Work task:
For the entries below, copy exactly the line that contains "This tutorial shows" through the line that contains "In this video, we're", both ends included, and exclude all pictures.

Material for this exercise:
++++++++++
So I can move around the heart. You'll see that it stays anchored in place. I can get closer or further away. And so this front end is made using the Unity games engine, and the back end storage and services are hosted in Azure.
++++++++++
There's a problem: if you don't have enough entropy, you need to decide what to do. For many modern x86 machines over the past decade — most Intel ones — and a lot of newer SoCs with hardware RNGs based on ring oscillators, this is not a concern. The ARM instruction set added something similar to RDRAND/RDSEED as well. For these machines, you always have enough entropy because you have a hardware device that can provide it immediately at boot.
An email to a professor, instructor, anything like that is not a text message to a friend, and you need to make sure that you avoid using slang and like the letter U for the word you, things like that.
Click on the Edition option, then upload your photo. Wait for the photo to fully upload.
++++++++++
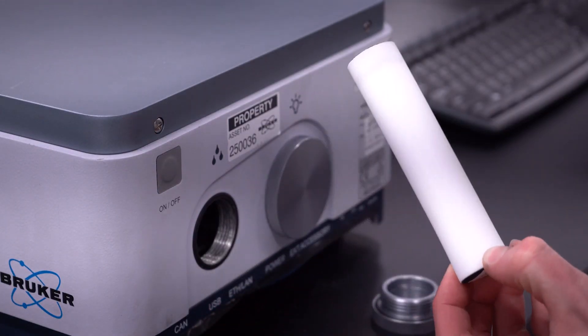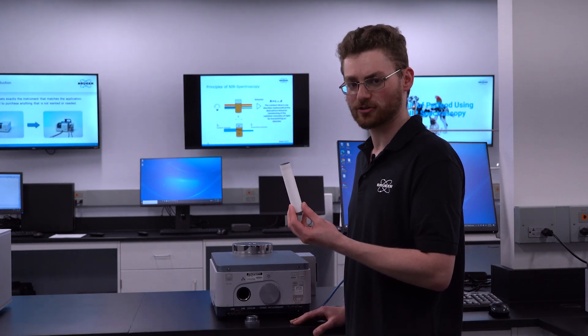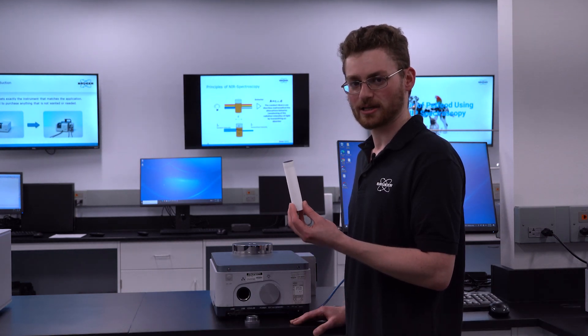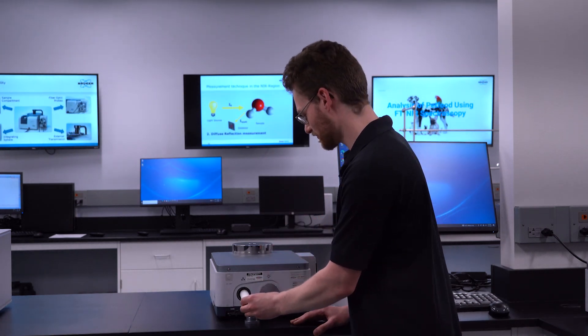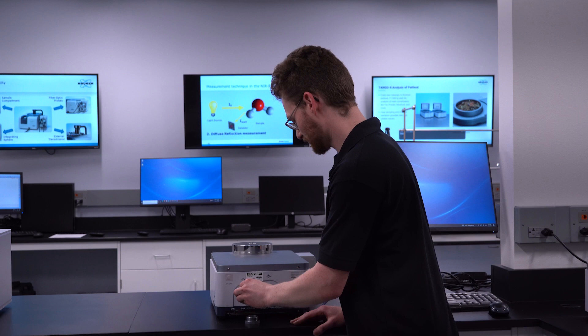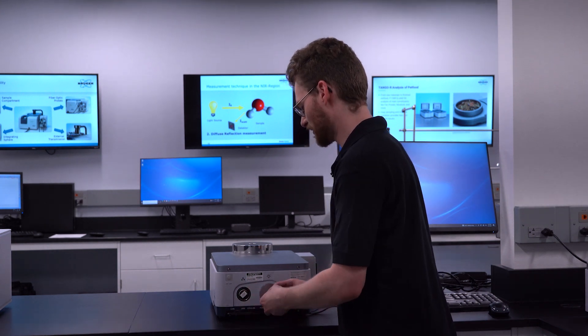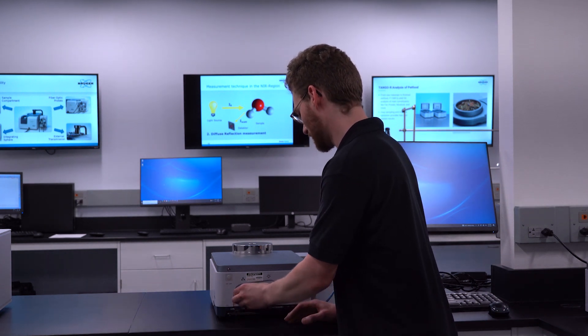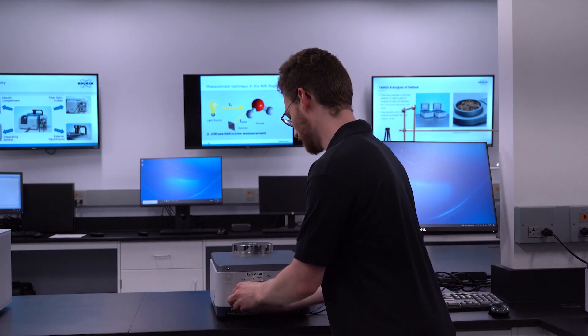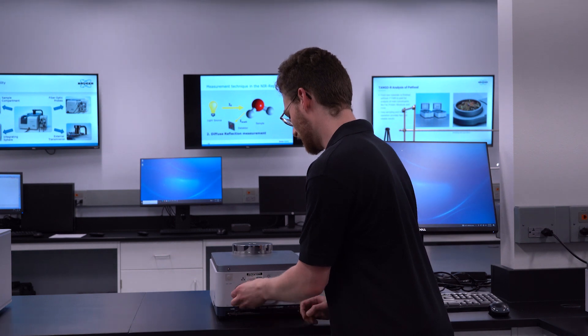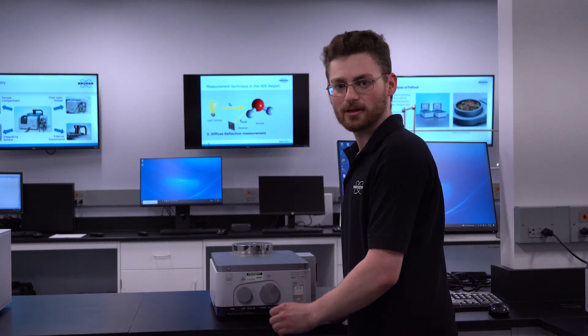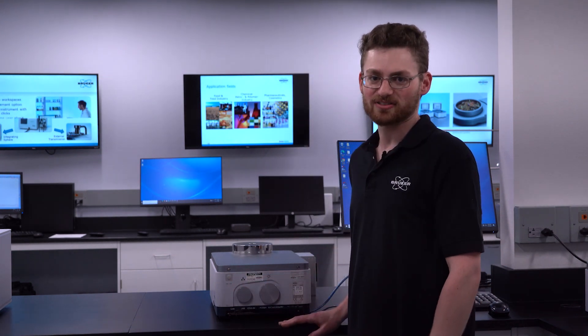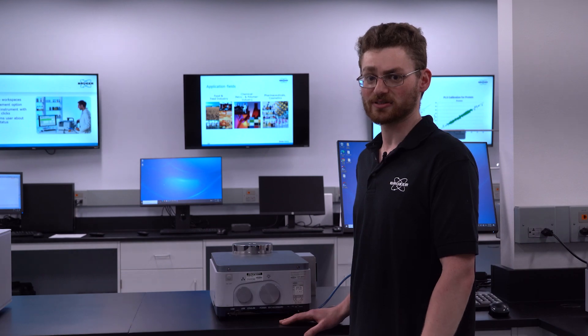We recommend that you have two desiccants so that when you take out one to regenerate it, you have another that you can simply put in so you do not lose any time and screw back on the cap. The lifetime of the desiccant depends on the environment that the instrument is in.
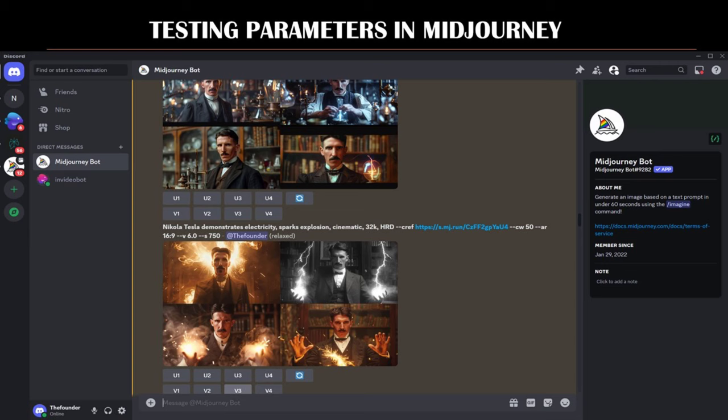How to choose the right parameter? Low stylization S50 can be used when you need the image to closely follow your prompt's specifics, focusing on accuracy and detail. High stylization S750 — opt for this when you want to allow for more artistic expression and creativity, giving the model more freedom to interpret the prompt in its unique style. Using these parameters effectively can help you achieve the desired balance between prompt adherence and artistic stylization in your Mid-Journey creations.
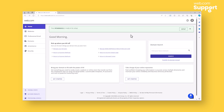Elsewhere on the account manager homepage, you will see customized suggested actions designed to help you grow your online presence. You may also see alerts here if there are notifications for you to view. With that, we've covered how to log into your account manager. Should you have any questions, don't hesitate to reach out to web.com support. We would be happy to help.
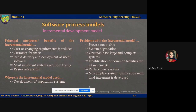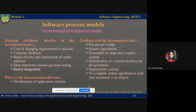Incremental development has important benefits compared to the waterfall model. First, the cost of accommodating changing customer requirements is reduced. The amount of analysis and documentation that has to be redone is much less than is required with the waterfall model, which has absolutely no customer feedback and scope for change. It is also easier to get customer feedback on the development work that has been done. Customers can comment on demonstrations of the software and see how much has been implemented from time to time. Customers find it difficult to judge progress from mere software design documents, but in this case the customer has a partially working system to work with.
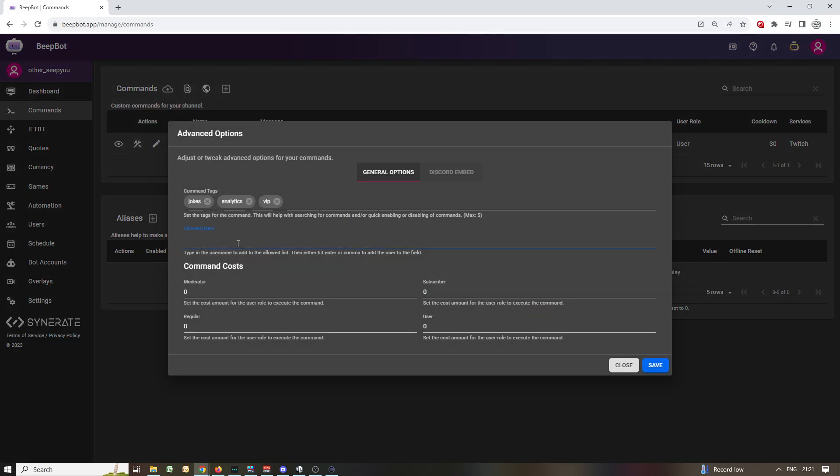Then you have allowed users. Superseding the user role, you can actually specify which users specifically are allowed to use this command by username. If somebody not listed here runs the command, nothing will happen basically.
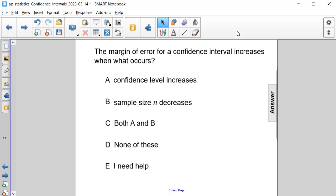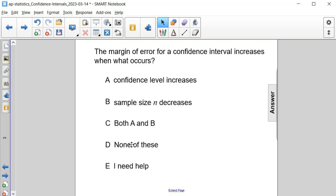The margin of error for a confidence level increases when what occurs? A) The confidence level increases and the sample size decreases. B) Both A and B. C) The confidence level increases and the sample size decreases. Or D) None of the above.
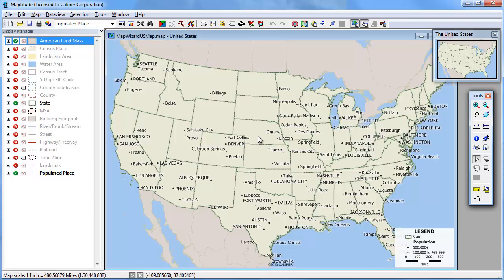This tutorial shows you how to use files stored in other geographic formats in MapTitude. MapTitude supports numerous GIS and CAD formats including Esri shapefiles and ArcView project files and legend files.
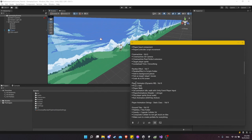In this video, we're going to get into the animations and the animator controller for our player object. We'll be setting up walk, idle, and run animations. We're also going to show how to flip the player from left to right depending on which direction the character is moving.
++++++++++
Output for this task:
This tutorial shows you how to use files stored in other geographic formats in MapTitude. MapTitude supports numerous GIS and CAD formats including Esri shapefiles and ArcView project files and legend files.
In this video, we're going to get into the animations and the animator controller for our player object. We'll be setting up walk, idle, and run animations. We're also going to show how to flip the player from left to right depending on which direction the character is moving.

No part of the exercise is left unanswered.